[About this task] In the listing that follows, the range to quote begins at the line that has "201 Smith Cir, Freeland, PA 18224" and ends after the line that has "Se arrienda casa"; quote it verbatim and add nothing.

[Data to use]
──────────────────────────────

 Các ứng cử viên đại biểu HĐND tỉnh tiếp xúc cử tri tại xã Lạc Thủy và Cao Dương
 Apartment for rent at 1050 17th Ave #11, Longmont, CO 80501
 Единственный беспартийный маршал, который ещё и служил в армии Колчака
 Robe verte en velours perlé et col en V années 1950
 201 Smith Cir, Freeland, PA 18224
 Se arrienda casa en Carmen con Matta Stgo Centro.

──────────────────────────────

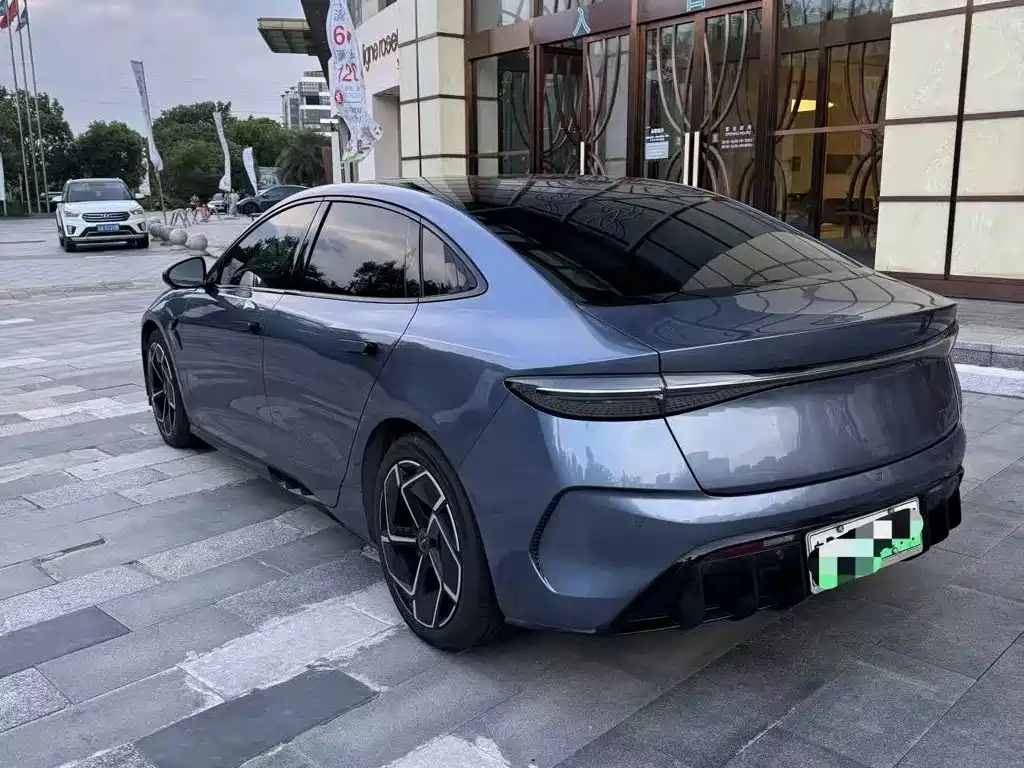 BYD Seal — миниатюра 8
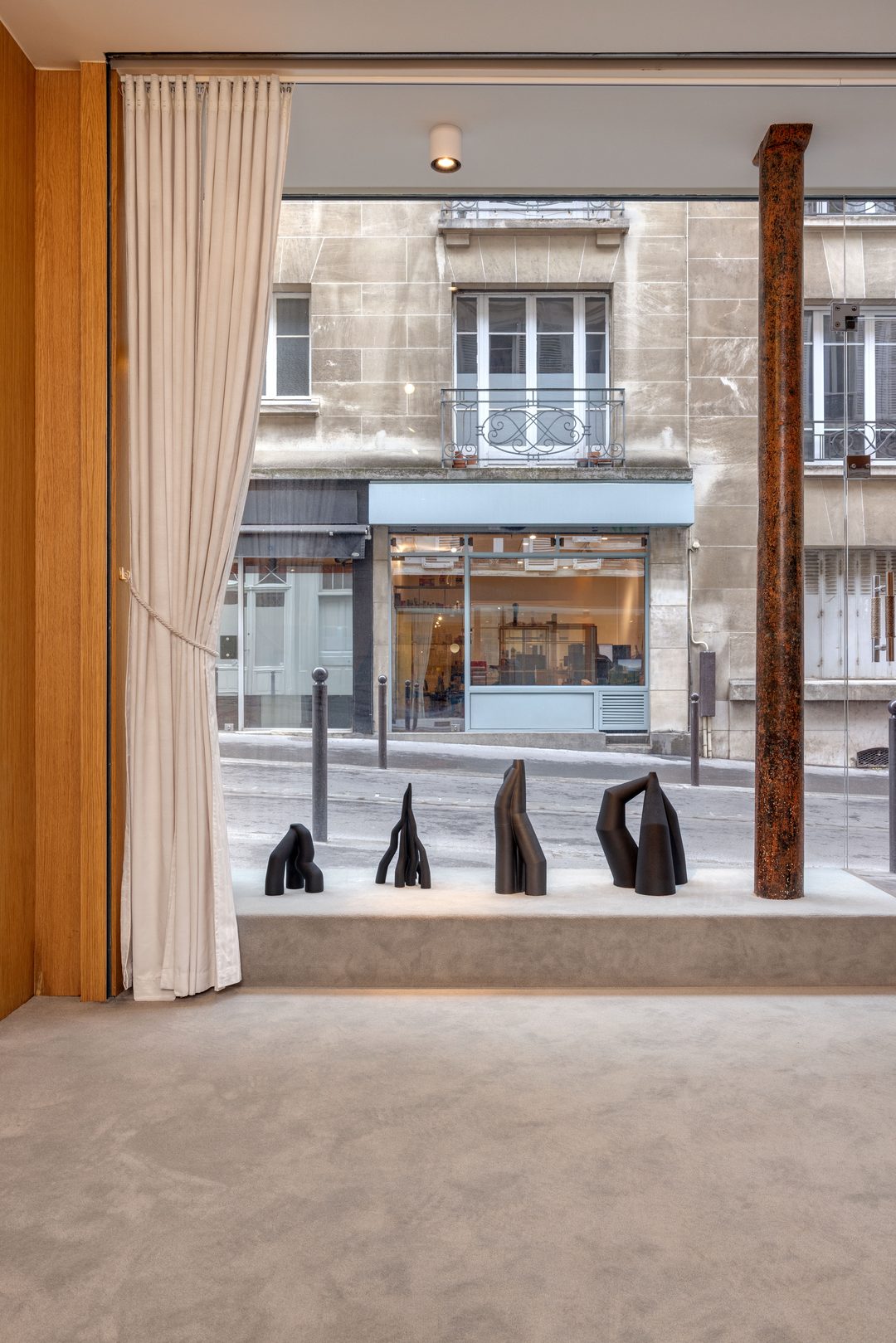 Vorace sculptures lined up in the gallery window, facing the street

──────────────────────────────

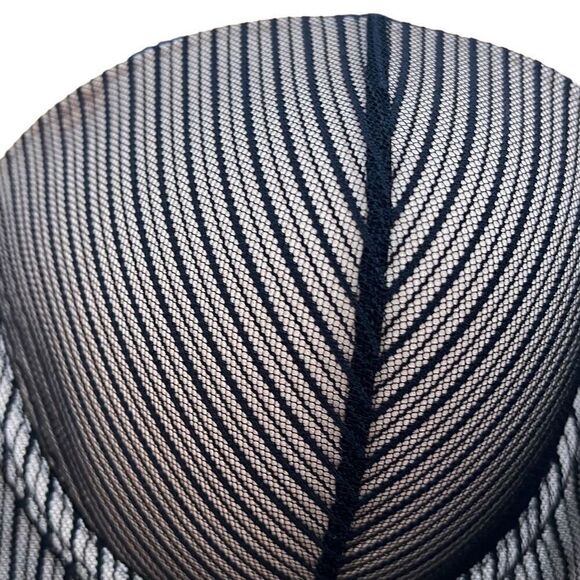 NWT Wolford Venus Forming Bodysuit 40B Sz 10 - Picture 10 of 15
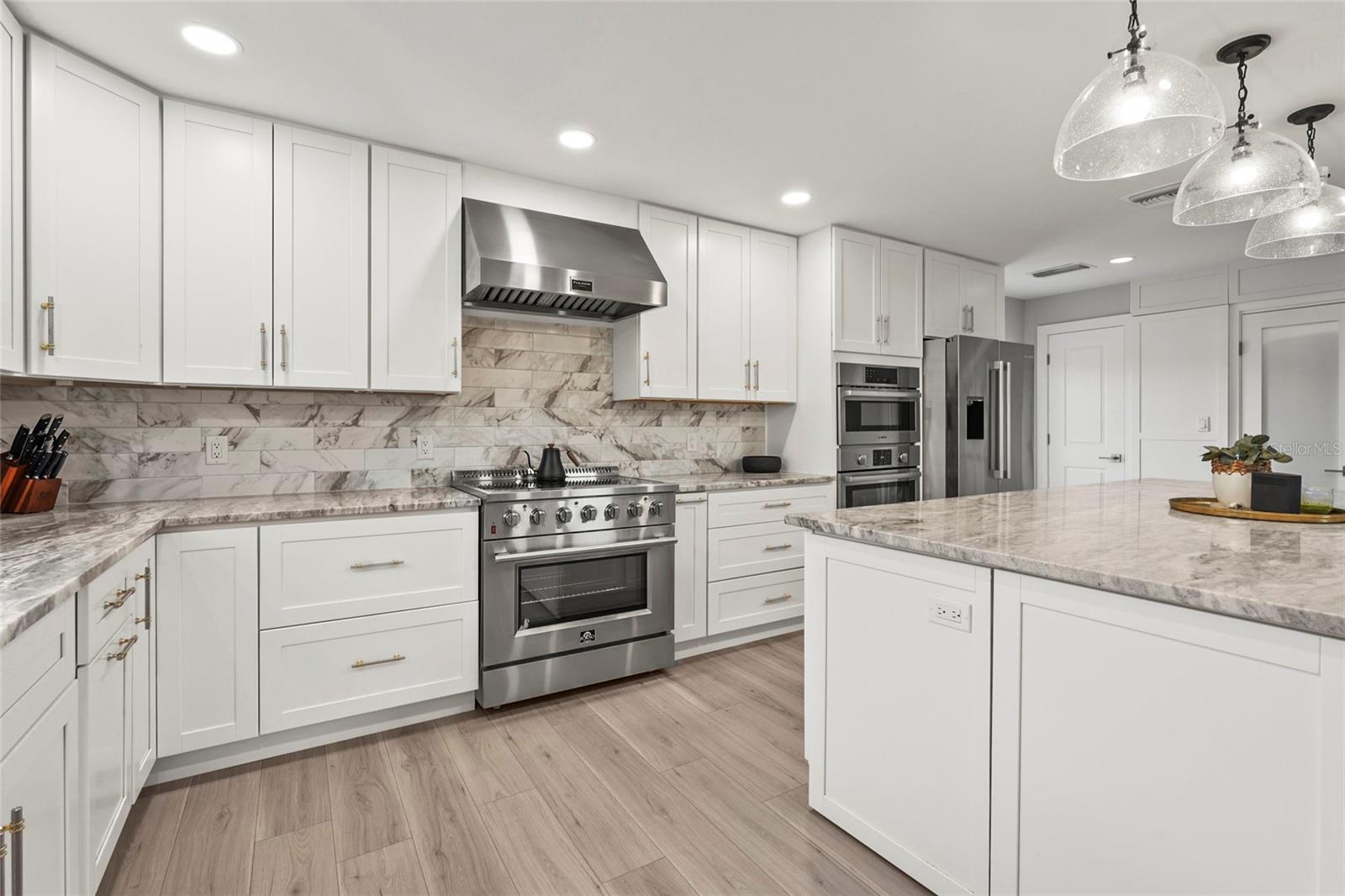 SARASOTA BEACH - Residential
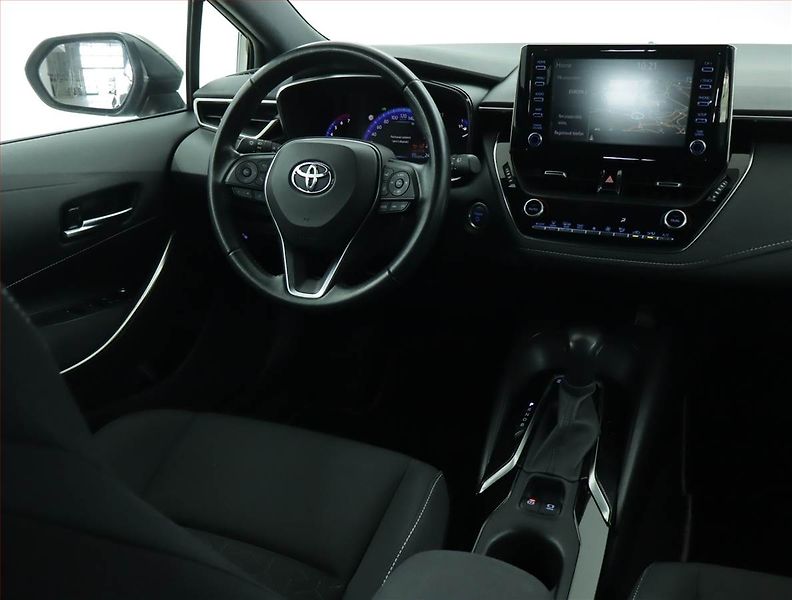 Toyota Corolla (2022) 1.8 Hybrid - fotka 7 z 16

──────────────────────────────

[Result of this task]
 201 Smith Cir, Freeland, PA 18224
 Se arrienda casa en Carmen con Matta Stgo Centro.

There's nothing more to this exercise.